Task item:
Take the data below and filter it for lines containing the word "from"; show each line found.

START Provided material

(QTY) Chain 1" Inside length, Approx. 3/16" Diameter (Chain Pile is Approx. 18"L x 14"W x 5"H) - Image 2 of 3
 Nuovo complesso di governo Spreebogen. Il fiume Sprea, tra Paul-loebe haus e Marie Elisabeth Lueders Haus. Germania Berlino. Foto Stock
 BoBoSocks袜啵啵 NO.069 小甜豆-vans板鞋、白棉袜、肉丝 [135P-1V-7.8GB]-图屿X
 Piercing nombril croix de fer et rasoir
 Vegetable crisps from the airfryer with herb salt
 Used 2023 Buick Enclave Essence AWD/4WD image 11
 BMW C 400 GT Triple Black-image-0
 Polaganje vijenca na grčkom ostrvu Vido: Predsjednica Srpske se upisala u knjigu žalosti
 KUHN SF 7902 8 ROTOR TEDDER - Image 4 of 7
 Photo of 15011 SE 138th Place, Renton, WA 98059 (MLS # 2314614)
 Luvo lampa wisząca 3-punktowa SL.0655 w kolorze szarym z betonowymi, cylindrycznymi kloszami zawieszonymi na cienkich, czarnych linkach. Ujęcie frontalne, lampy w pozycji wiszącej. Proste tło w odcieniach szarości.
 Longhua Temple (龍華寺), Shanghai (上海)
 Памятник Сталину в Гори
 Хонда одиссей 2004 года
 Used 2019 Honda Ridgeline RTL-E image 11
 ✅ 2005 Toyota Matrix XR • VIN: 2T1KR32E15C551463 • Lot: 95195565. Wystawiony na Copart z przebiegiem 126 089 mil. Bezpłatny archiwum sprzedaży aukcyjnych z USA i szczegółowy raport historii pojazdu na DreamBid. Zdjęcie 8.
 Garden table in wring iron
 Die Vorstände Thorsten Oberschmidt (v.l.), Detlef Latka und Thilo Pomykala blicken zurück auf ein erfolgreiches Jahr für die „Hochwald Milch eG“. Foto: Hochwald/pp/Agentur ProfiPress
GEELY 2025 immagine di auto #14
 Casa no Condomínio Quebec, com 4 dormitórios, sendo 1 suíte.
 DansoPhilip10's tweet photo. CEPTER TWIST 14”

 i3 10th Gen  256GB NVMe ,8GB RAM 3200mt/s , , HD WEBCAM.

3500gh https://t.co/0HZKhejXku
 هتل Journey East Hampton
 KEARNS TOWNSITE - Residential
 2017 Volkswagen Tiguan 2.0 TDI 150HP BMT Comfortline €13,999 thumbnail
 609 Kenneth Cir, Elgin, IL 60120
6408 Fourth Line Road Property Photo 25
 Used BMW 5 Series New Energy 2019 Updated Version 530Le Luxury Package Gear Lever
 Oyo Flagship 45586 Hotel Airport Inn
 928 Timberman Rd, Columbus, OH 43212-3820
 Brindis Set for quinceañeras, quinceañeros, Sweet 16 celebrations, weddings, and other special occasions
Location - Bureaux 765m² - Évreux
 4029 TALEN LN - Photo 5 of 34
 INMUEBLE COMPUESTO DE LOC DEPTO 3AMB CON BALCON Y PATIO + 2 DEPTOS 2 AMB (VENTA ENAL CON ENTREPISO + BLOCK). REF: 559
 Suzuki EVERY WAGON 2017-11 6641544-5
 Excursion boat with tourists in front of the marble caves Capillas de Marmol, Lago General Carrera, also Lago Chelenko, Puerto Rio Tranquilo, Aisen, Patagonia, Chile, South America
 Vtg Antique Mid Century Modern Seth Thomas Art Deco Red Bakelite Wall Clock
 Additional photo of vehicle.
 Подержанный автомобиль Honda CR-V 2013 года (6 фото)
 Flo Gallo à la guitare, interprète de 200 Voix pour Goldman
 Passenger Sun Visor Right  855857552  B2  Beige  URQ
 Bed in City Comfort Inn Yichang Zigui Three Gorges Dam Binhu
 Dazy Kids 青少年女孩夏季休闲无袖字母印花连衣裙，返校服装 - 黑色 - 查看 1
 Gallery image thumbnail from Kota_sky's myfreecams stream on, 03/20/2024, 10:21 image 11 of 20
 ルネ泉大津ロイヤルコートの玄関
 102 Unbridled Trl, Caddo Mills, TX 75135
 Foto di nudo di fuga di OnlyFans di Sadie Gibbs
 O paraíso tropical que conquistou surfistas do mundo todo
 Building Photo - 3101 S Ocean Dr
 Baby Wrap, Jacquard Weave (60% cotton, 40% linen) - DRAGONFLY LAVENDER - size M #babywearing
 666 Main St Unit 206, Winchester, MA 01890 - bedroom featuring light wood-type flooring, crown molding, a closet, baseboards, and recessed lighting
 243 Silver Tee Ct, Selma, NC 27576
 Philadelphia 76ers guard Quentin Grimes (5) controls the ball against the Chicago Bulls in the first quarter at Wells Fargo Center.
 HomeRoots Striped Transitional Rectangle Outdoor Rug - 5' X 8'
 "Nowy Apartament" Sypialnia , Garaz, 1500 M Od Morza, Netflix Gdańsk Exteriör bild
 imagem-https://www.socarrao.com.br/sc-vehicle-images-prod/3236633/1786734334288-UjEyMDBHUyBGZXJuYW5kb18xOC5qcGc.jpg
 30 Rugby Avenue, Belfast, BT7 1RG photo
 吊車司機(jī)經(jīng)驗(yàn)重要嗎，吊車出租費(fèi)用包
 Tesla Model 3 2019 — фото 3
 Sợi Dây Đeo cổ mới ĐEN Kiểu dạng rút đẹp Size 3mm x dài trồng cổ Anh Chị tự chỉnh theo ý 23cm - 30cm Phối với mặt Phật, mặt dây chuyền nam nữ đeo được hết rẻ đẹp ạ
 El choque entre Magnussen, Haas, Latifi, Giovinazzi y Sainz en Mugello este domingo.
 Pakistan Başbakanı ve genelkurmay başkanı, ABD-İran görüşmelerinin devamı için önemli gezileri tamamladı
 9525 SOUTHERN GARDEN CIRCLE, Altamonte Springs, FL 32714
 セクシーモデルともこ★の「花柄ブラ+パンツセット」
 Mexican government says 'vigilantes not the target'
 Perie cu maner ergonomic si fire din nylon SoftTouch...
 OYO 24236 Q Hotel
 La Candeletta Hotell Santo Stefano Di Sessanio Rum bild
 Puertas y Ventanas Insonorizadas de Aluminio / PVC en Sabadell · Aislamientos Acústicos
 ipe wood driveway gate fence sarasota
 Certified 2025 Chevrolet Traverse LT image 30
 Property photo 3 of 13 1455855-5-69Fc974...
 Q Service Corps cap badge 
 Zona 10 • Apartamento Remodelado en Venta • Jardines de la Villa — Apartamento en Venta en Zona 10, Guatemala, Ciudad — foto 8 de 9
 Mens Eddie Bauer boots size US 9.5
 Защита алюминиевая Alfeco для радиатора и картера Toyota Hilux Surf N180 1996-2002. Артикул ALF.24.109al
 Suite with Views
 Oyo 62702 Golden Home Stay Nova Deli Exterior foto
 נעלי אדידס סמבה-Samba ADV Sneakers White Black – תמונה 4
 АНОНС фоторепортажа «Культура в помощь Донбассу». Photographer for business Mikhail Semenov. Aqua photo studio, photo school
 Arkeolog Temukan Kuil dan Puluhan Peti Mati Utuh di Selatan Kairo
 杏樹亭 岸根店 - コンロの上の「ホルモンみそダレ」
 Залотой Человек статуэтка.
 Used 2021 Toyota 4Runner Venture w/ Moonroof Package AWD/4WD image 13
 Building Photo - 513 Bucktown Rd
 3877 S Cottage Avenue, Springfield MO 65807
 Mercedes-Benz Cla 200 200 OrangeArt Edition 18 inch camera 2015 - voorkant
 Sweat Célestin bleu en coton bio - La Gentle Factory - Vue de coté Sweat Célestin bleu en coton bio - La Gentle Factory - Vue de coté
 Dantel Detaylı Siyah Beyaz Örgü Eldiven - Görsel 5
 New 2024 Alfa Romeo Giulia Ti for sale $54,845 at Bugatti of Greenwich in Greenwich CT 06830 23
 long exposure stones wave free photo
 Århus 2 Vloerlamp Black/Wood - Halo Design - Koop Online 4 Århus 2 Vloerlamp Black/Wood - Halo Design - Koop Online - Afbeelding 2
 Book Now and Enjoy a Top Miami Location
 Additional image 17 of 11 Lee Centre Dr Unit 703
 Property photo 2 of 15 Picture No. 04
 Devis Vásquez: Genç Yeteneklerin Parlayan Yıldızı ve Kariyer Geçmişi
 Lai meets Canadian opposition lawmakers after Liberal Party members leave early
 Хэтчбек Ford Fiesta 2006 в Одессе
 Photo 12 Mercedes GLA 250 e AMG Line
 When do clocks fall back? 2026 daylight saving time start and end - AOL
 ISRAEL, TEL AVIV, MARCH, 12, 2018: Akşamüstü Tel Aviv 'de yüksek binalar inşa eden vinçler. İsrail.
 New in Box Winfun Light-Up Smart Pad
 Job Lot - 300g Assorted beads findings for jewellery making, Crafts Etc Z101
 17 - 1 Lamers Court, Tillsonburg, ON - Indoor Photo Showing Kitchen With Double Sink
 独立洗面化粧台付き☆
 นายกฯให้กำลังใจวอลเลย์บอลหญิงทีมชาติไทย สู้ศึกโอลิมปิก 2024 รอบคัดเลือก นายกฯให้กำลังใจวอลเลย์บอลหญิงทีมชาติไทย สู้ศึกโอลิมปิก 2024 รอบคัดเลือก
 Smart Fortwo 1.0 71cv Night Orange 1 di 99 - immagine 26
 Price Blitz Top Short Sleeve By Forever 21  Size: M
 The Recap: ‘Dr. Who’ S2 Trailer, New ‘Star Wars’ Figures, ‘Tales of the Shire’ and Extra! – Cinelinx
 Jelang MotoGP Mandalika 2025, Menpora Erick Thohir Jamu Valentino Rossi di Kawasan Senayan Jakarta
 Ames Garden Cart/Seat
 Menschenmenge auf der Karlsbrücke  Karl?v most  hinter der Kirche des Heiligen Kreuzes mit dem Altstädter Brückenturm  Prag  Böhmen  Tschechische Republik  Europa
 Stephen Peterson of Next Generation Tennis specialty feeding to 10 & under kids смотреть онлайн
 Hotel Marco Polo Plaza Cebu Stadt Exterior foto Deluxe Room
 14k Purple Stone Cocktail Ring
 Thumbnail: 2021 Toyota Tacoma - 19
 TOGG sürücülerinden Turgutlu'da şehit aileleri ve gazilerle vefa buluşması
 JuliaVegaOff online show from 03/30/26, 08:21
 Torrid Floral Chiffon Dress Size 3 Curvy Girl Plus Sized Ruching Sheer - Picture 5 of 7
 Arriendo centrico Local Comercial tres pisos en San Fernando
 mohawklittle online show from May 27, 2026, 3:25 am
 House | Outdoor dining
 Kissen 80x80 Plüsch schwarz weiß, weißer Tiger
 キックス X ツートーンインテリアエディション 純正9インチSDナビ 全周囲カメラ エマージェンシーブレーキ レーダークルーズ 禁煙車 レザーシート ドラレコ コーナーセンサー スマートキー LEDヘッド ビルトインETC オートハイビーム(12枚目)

END Provided material

Answer to this exercise:
 Vegetable crisps from the airfryer with herb salt
 Gallery image thumbnail from Kota_sky's myfreecams stream on, 03/20/2024, 10:21 image 11 of 20
 JuliaVegaOff online show from 03/30/26, 08:21
 mohawklittle online show from May 27, 2026, 3:25 am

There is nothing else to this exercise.